One is reminded of those glorious days by the antics of one Joan Canyelles, whose appearance suggests a certain bruiser quality. He was until the other day the legal secretary of the Podemos Balearics committee for democratic guarantees: a Mr. Enforcer among other enforcers, having no truck with revisionist tendencies and adhering strictly to party lines determined by the Madrid politburo.
It is eminently possible that we would have been none the wiser of Joan's existence, if it had not been for last week's revelations. Joan, who does have a beard, is one of the Podemos cadre who only come into the public eye when things go awry. Would we have ever been aware of Montse Seijas, if she hadn't been expelled by High Command? I would suggest that we wouldn't have been.
"El Mundo", not - it is fair to say - naturally sympathetic to Podemos, got hold of a recording which revealed Joan's bruiser qualities.

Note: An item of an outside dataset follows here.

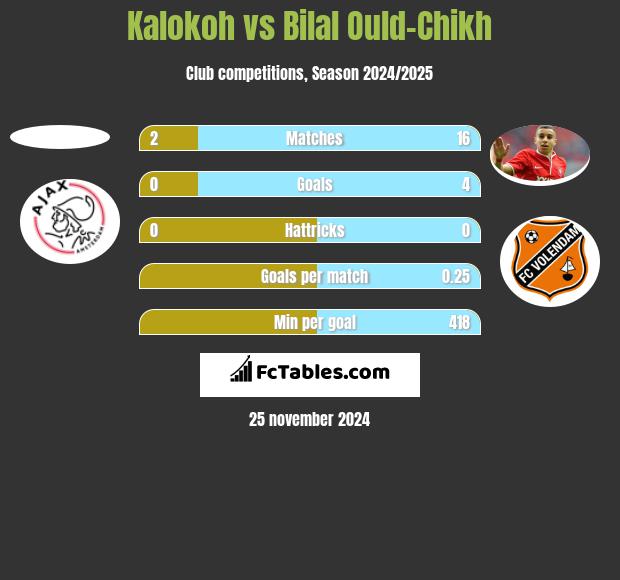 Kalokoh vs Bilal Ould-Chikh h2h player stats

Its contents have been described as blackmail in seeking to silence any revisionism and thus criticism of party direction and of Balearic leader, Alberto Jarabo.
Specifically, he had told a member of the Balearic citizen's council - someone else we would never have heard of, Carmen Azpelicueta - to basically not attend meetings of the council. If she was a "good girl", then "we will look for a job for you". Apart from anything else, the reference to "good girl" did not reflect well on Podemos feminism. There again, the traditional bruiser from years gone by found contending with feminism a mite difficult. Joan appeared to have been cut from the same donkey jacket cloth.
Once exposed, Joan resigned, saying that he had acted totally independently and accepting that he had used "incorrect language" in having transmitted "manifestly imprecise information". Podemos then let it be known that disciplinary proceedings had been taken against Carmen for having attempted to defraud voting for the primaries to be on the list of candidates for election to the Council of Mallorca.
Joan's resignation left the committee of democratic guarantees so short of enforcers that Podemos have had to dissolve it. Guarantees cannot be guaranteed. Madrid's High Command will be doing the guaranteeing, at least for now. Meanwhile, questions were being asked as to quite how independently Joan had acted. The recording was styled with the use of the first person plural, i.e. "we", and inferred that Jarabo was aware of the so-called blackmail.
One of the remaining enforcers, the altogether less scary-looking Alejandro López, wondered why the recording had come to light. It was, after all, made a fair time ago. Insisting that Jarabo knew nothing, he suggested that the recording had been leaked in order to damage the image of the party, as if its image needs any more damage being inflicted. Which brings us of course to what is likely to happen tomorrow - the dismissal of Xelo Huertas as president (speaker) of parliament.
Into all this has stepped a Podemos within Podemos, a group known as "the Podemos that we want", which has armed itself with its so-called Manifesto of Sineu. It is demanding the immediate cessation of the party leadership and a review of the expulsions of Huertas and others. It then goes on to charge the leadership with indulging in "McCarthyist persecution", of surrounding itself with "henchmen who execute unspeakable deeds" and of having a "mafia-style conception" of its role.
The bruisers of 1970s' student politics would have relished such intrigue. Infiltrators, which they were and were duly noted as such by the university's administration, their role was partly (mainly) to foment greater agitation. Yet for all the direction that may have been coming from outside forces, typically the Communist Party, university politics never rose above a state of being unreal. Podemos, the bruisers and others, are for real, and they determine the direction of the Balearic government.